Daniel Müller-Jentsch du think-tank Avenir Suisse estime que les taxes d’incitation contribuent à limiter la construction de résidences secondaires. Mais la démarche de Silvaplana ne le convainc pas. Un interview par Marcel Müller.
Marcel Müller: Quels sont à votre avis les principaux problèmes découlant de la construction de résidences secondaires dans des régions touristiques?
Daniel Müller-Jentsch: Dans les régions touristiques, des résidences secondaires ont été construites en masse, parfois avec de véritables excès. Dans de nombreux lieux prisés, la part des résidences secondaires s’élève aujourd’hui à 50–80 pour cent. De ce fait, ces lieux de villégiature gaspillent leur capital: les beaux paysages et les localités intactes. En outre, les résidences secondaires cannibalisent la demande dans l’hôtellerie et les lits froids engendrent des frais élevés en infrastructure. Il existe donc un conflit d’intérêt entre la valeur ajoutée à long terme du tourisme et la valeur ajoutée à court terme de la construction. En outre, si l’on n’endigue pas la demande en résidence secondaire, l’immobilier devient inabordable pour la population locale. Pour toutes ces raisons, les Länder touristiques en Autriche (Salzbourg, Tirol, Vorarlberg) ont des limitations nettement plus restrictives que la Suisse en la matière.
Pourquoi est-il si difficile au niveau communal de donner un autre tournant à ce développement?
La branche locale de la construction et les propriétaires fonciers ont un intérêt prononcé pour la construction de résidences secondaires et s’engagent donc dans la politique communale sur ce sujet. Les cantons avec un faible aménagement du territoire, le Valais ou le Tessin par exemple, n’ont pas les moyens de corriger ce fait au niveau du plan directeur. Une réaction au niveau communal ne survient en général que lorsque les effets négatifs de la construction de résidences secondaires sont visibles aux yeux de tous. Donc bien souvent beaucoup trop tard.

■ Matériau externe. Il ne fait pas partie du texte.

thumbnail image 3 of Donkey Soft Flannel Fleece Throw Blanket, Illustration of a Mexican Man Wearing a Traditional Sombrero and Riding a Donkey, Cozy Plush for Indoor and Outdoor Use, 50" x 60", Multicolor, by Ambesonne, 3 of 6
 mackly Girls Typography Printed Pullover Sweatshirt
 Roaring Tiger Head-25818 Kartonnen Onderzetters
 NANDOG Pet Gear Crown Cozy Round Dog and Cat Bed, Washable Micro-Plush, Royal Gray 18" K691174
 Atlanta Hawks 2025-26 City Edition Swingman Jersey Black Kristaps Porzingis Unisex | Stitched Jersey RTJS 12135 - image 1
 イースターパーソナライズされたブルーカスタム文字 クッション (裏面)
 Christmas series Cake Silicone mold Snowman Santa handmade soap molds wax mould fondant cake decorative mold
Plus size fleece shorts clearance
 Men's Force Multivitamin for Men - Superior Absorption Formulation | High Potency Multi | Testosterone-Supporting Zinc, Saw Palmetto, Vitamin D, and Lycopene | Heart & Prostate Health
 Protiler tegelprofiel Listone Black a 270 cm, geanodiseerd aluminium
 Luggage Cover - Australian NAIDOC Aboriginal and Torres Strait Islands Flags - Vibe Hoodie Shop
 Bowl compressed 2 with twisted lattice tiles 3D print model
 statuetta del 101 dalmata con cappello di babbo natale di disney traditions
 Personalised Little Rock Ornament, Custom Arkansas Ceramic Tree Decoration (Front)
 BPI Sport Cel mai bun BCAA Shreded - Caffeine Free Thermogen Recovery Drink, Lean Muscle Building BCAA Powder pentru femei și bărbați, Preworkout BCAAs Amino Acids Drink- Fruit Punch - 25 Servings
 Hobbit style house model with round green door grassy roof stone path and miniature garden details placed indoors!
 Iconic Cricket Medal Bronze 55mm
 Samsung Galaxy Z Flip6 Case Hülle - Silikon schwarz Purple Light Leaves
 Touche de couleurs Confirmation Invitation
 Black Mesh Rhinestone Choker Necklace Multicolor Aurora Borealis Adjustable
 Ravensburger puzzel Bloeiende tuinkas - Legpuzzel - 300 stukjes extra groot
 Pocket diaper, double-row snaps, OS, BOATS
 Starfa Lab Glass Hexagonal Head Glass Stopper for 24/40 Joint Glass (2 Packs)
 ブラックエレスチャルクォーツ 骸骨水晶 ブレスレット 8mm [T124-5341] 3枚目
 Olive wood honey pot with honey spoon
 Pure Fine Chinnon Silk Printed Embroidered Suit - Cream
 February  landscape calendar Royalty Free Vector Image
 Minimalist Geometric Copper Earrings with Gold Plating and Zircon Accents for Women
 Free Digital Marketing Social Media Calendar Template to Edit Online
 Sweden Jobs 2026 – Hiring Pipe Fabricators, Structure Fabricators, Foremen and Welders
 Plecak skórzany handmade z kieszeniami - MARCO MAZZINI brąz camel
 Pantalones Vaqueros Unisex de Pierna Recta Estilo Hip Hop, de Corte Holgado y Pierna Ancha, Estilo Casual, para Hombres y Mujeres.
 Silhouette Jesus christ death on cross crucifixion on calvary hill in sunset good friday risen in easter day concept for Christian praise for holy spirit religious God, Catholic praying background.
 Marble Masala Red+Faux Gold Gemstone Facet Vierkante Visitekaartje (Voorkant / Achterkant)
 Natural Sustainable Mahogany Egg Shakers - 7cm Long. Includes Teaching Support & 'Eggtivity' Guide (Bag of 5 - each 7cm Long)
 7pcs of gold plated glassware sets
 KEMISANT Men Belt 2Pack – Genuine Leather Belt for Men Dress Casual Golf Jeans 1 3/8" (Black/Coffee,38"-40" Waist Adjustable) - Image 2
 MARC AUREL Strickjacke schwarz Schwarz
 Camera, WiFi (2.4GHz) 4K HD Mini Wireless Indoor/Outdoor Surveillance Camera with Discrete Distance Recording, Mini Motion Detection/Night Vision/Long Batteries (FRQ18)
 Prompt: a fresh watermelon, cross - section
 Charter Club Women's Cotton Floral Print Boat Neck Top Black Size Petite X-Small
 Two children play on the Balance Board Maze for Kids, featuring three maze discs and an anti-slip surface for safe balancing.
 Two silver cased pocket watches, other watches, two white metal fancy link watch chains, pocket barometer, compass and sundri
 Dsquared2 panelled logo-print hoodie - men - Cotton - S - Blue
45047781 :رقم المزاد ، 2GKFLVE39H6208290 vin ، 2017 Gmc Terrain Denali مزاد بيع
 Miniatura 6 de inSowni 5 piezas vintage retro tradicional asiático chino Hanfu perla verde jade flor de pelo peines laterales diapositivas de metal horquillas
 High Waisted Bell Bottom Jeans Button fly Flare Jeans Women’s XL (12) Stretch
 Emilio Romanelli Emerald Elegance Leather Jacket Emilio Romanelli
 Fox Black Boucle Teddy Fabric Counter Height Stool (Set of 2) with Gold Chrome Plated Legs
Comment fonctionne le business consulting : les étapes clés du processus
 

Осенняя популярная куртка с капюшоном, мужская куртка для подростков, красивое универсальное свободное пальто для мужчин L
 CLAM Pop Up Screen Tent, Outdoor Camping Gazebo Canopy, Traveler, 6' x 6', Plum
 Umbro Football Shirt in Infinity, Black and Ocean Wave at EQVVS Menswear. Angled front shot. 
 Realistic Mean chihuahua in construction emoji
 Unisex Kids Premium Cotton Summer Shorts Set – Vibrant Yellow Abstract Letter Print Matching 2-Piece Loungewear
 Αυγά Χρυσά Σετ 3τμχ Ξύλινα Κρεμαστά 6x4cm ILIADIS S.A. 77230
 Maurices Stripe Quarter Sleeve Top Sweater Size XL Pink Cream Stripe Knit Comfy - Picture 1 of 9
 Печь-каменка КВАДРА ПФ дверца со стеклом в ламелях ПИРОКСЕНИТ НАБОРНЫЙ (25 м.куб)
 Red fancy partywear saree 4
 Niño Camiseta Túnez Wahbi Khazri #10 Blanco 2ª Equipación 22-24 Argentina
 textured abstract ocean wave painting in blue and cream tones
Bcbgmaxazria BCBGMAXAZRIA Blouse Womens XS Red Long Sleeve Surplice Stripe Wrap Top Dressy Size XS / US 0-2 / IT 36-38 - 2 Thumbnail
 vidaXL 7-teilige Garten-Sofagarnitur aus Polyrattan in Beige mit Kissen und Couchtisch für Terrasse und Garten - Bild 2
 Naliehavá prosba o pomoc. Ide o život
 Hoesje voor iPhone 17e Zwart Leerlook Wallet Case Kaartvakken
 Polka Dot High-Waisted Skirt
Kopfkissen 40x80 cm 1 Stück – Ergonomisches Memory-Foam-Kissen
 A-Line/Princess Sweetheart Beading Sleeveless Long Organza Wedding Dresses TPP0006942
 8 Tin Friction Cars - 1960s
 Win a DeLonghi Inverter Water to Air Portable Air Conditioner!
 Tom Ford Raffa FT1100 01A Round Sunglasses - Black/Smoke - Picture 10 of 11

L’adaptation de la loi sur l’aménagement du territoire visant la régulation du développement des résidences secondaires est entrée en vigueur le 1er juillet 2011. Cette modification va-t-elle changer quelque chose?
L’article 8 de la loi me semble formulé de façon bien trop vague. Il oblige en effet les cantons à désigner dans leurs plans directeurs les territoires où les communes doivent prendre des mesures particulières pour maintenir une «proportion équilibrée» de résidences principales et de résidences secondaires. Néanmoins, cet article ne définit ni un seuil contraignant à partir duquel il faut agir, ni ce que signifie exactement une «proportion équilibrée ». Les cantons qui ne veulent pas agir ont donc suffisamment de marge de manoeuvre pour continuer à ne rien faire.
Le canton des Grisons a contingenté la construction de résidences secondaires il y a peu dans son plan directeur. Serait-ce une solution pour d’autres cantons également?
Les Grisons sont le premier canton touristique à avoir réglementé avec précision la construction de résidences secondaires au niveau du plan directeur. Ce canton est donc précurseur. Les dispositions nous semblent globalement efficaces et équilibrées. Avec sa «boîte à outils» concernant les résidences secondaires, le canton met en outre à disposition des communes une aide fort utile. Cependant, la mise en oeuvre doit encore se faire. Si le canton des Grisons s’est penché sur ce sujet délicat, c’est sans doute aussi parce que les acteurs de l’économie du tourisme se sont rendu compte qu’une construction incontrôlée de résidences secondaires nuisait à la branche sur le long terme.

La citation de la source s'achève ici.